'''

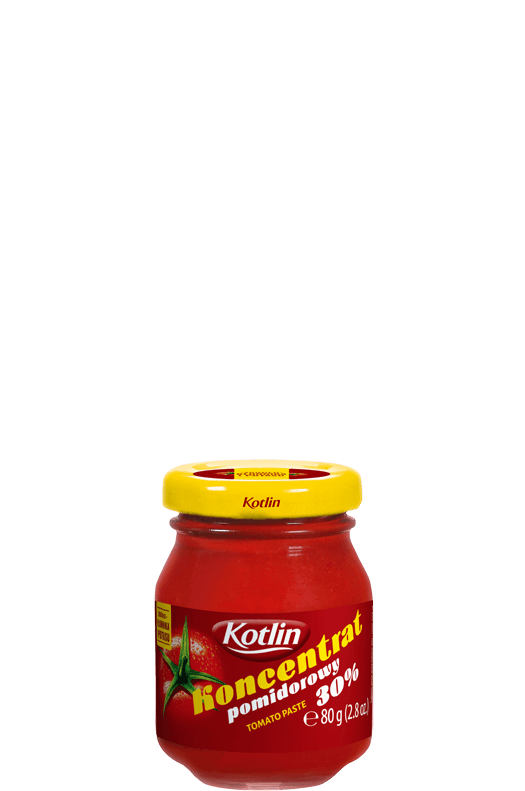 KOTLIN 80 g tomato concentrate 30%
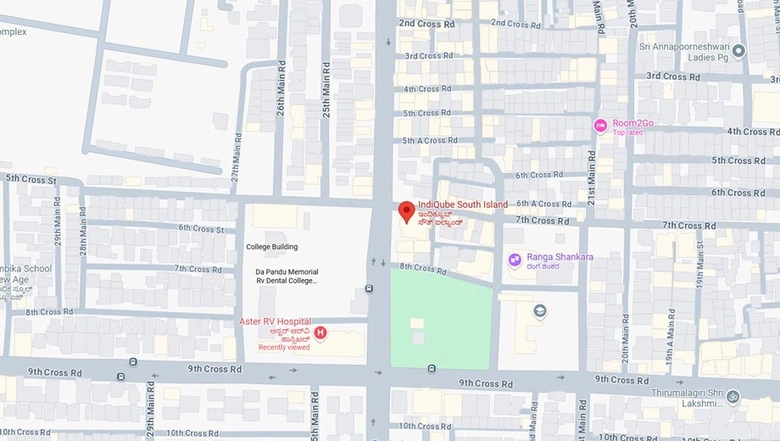 Location of Coworking Space in IndiQube South Island, JP Nagar - Image 284558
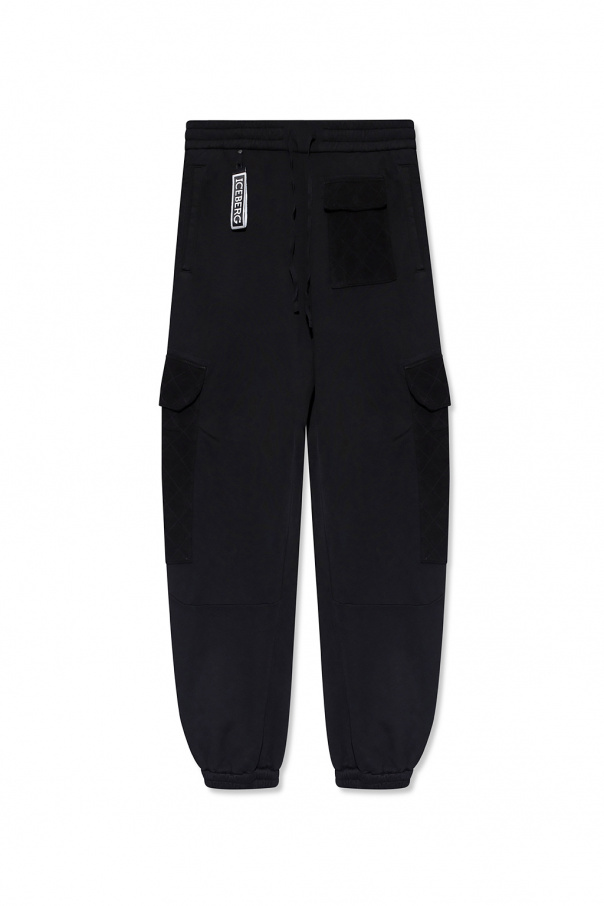 Iceberg Sweatpants with logo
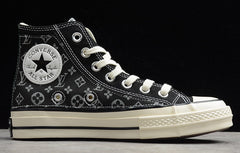 LV X CONVERSE ALL STAR HIGH SNEAKER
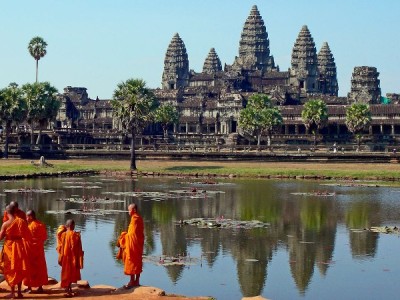 Angkor Temples Cambodia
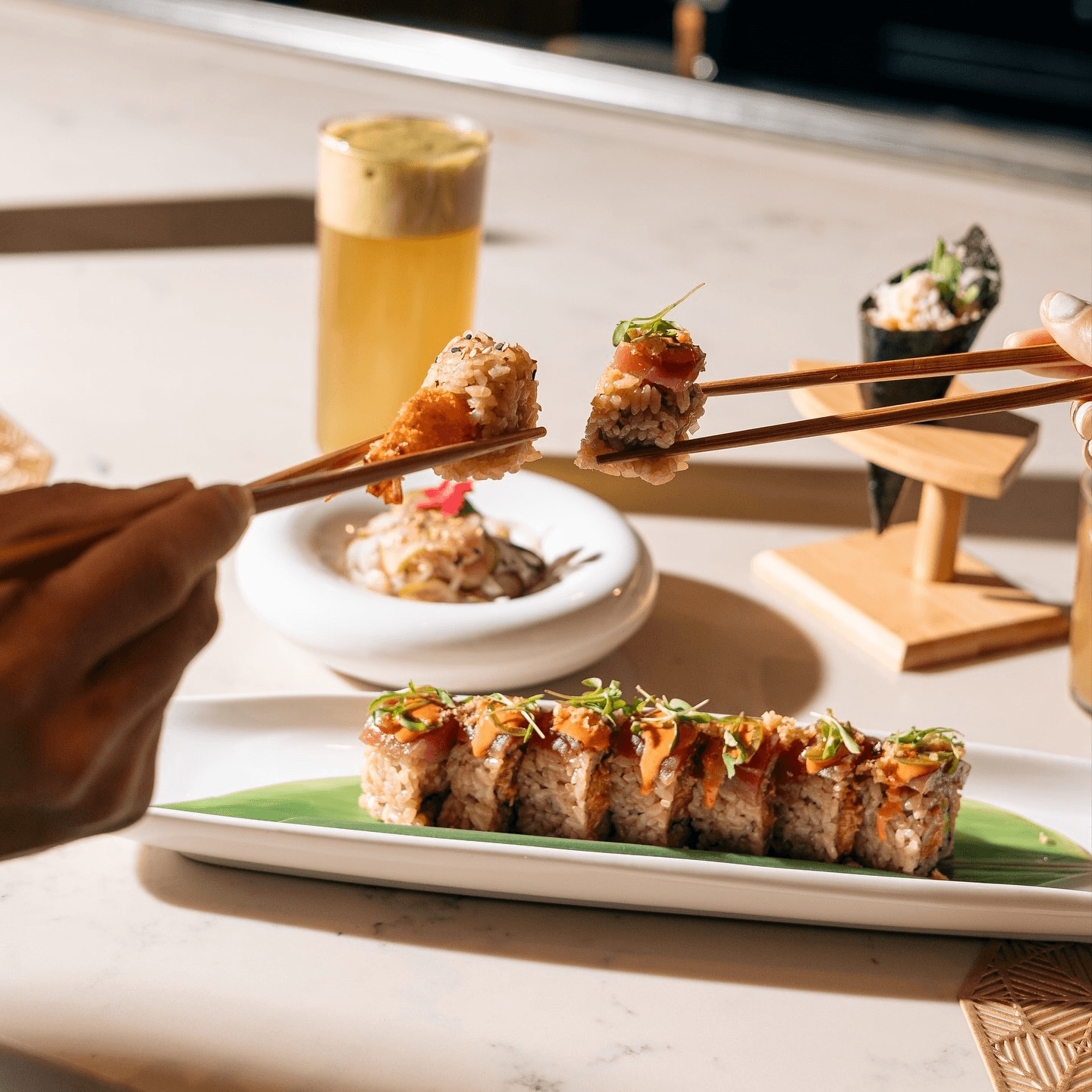 Fresh Sushi, No Fuss!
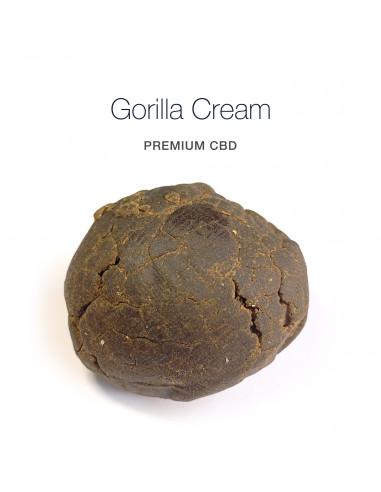 Gorilla Cream Bubble - hachís CBD Premium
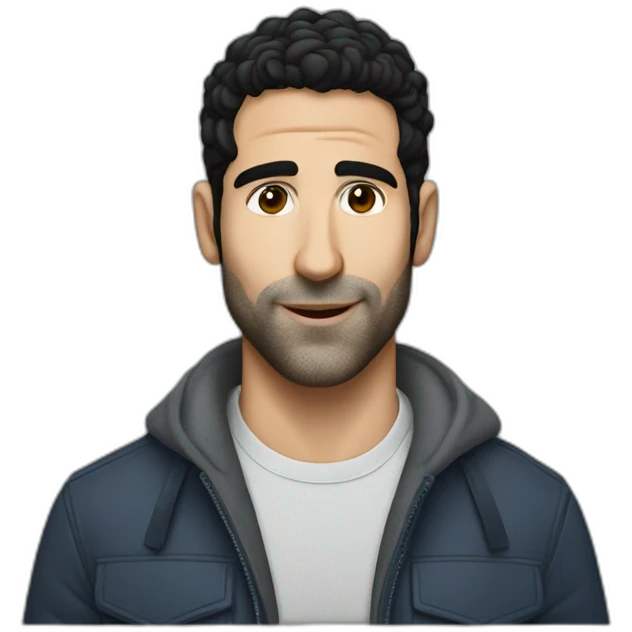 Miguel Angel Silvestre emoji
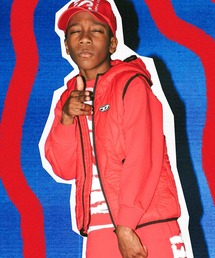 DIESEL KIDS（ディーゼルキッズ）の「DIESEL（ディーゼル）Kids & Junior ワンポイントブランドロゴフードキルティングベスト（ベスト）」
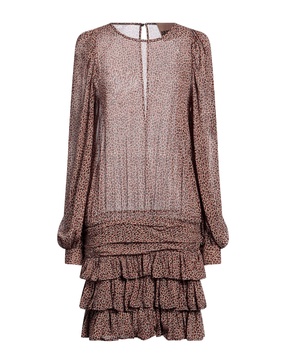 Pleated dress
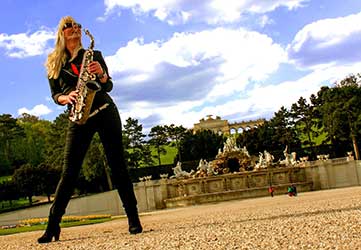 Saxophonist oder Saxophonistin gesucht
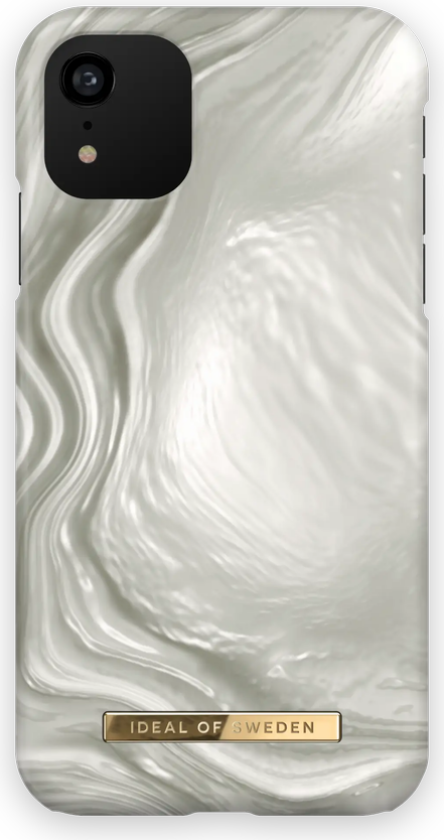 IDeal Fashion Case iPhone 11/XR deksel - Luminous Pearl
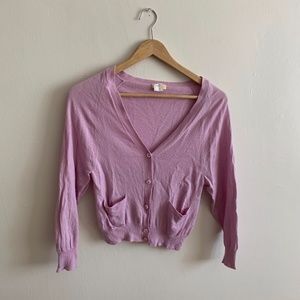 Cashmere J. Crew Cardigan Sweater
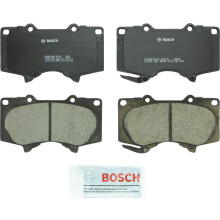 BOSCH BC976 QuietCast Pastilhas de Travão Cerâmicas Premium - Compatível com Lexus GX460, GX470; Toyota 4Runner, FJ Cruiser, Sequoia, Tacoma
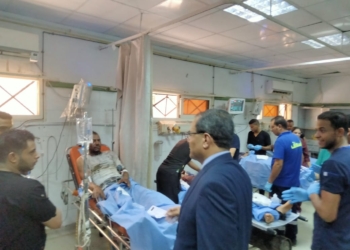 عاجل | خروج 15 من مصابي حادث سوهاج بعد استقرار حالتهم الصحية 1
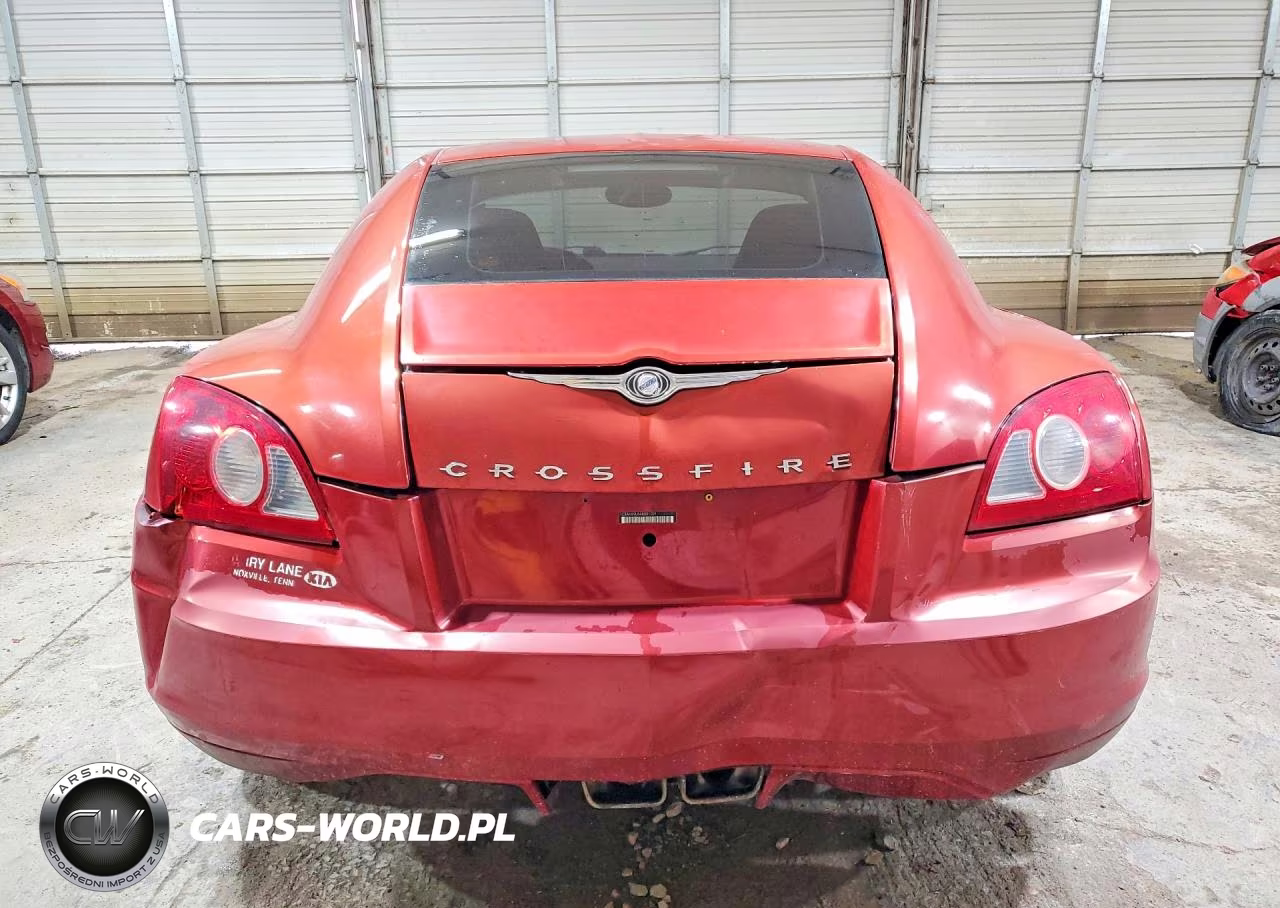 2004 Chrysler Crossfire Limited VIN:1C3AN69L64X001001 - 6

'''

* Problem to work on *
Leaving every picture behind, retype the entries above exactly, from the first line through the line with "Fresh Sushi, No Fuss!", and stop there.

* Task result *
 KOTLIN 80 g tomato concentrate 30%
 Location of Coworking Space in IndiQube South Island, JP Nagar - Image 284558
 Iceberg Sweatpants with logo
 LV X CONVERSE ALL STAR HIGH SNEAKER
 Angkor Temples Cambodia
 Fresh Sushi, No Fuss!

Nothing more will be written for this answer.